To recall, UI-PHINMA bilked its graduating nursing students P1,000 each to take the emergency nursing course, a two-day training, done by the Iloilo City Emergency Response (ICER). Multiply that with 699 graduating nursing students and we have P699,000.

ICER chief Darwin Joemel Papa, resources person in today’s Kape kag Isyu episode denies having received the amount.

The graduating students say it was UI—PHINMA faculty members who collected the amount from them sans receipt. They later received the official receipt but it was not issued by the university but by the RGO Review Center, a separate entity which provides review course to graduated nurses taking the board examination.

UI-PHINMA told the graduating students that the training was needed for graduation, again, another deceitful statement because the Commission on Higher Education (CHED) did not approve of it as part of the curriculum.

The UI-PHINMA instructors misrepresented the training course as requisite to obtain the “basic life support” (BLS) which hospitals required of under-board nursing candidates for admission in on-the-job training experience.

Says Papa: “The RGO (Review Center) has no authority to issue BLS certificates. Neither can we in ICER issue it.”

Only one institution can issue the BLS certificate and that is the Philippine National Red Cross (PNRC). “I wonder why UI-PHINMA, which is supposed to know, did not request the PNRC but instead, only the RGO which is not qualified to issue the BLS”.

The ICER is a new outfit of the Iloilo City government. It works as a rescue team staffed mostly by paramedic trained and certified by the PNRC.

The PNRC, the sole institution authorized to issue the BLS certificate, requires a one-week training course before it qualifies a person for the BLS certificate. It charges only P400 from a trainee, not P1,000 for a two-day training.

Papa explains that what they had provided to UI-PHINMA fourth year nursing students is a “mere emergency response course”.


UI- PHINMA bilked each of its graduating nursing students P15,000 in “registration fee” in the second semester. When that triggered an uproar, management changed the term to CEP (Comprehensive Enhancement Program) but still charged the same amount.

The CEP ended with a comprehensive examination, taken after the final exams, and management made its results as requisite to graduation.

325 students failed and thus, did not march for graduation rites. UI-PHINMA deliberately jacked up the number of flunkers with the trick of raising the passing average from 75 to 77.

The parents and students who spent a fortune to complete the nursing course are aghast. They went to the Commission on Higher Education (CHED) and got a favorable ruling.

The CHED holds that the compehensive exam is not part of an approved curriculum and therefore, is not a basis in determining whether or not a student has completed the course. Further, the cmprehensive exam is a forced review and therefore is prohibited by the CHED in Memorandum Order No. 13, series of 2006, dated 15 March 2006 and signed by CHED chair Carlito S. Puno.

CHED Regional Director Virginia P. Resurrection, in a letter dated March 24, 2011 reiterates MO No. 13, s. 2006, that prohibits schools from committing the following three acts:

1. Forcing their graduates or graduating students to enroll in their own review centers and/or review centers of their preference;

2. Charging exorbitant rates; and

3. Withholding of grades and other school records of students and graduates who cannot review in these review centers.
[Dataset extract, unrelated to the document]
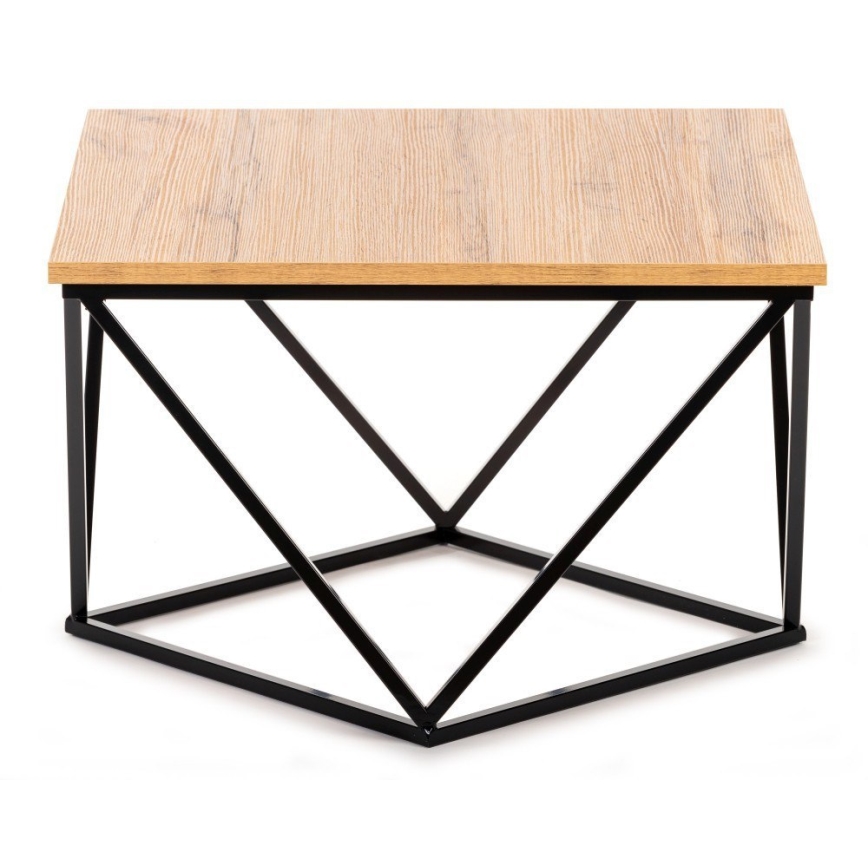 Konferenční stolek DIAMOND 60x60 cm černá/hnědá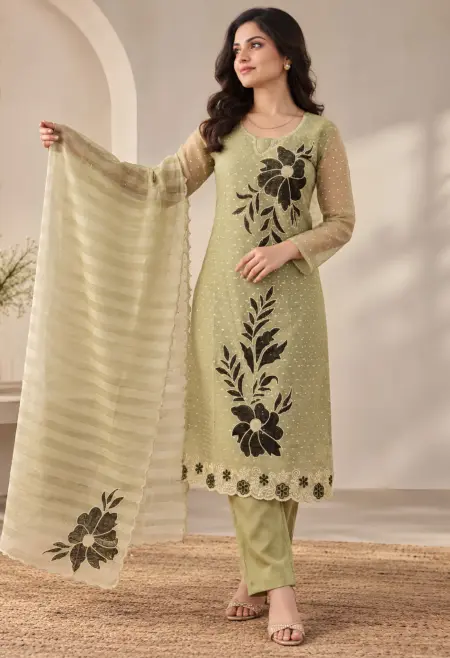 Memsaab Light Sage Green Floral Kurta Set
Director Resurrection concludes in her letter:

“We hope that for humanitarian reason, the future of these graduating BS students of that University who complied (with) all the requirements prescribed in the Commission on Higher Education shall not be sacrificed on your good intention to produce quality nursing students.”
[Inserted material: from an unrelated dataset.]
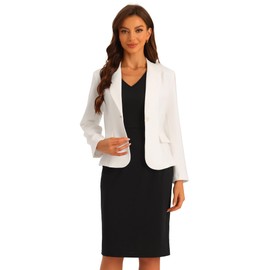 Allegra K Women's Suit Sets Business 2-Piece Outfit Plain V-Neck Office Dress Notched Lapel Blazer, White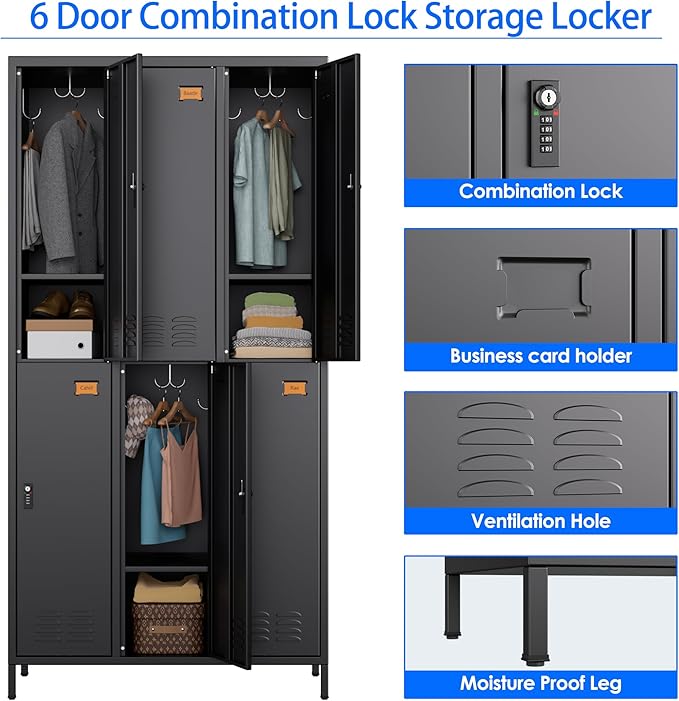 SUPEER 6 Doors Metal Locker for Employees with Combination Locks,Metal Lockers with Business Card Holder and 18 Hooks for Office Gym Home,Assembly Required,Black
There is little correlation between passing the comprehensive test and passing the nursing board examination. One may pass one and fail in the other, and vice versa. The UI management refuses to consider that and with results disastrous also to its reputation.

I am thankful, they have not done the same in the UI College of Law. I have a lot of near “bagsak” grades, at 3.0 grades there. Yet, bragging aside, I took the bar successfully in one shot, in 1999, reputedly the country’s hardest examination with only 16 percent of the candidates making it to the bar.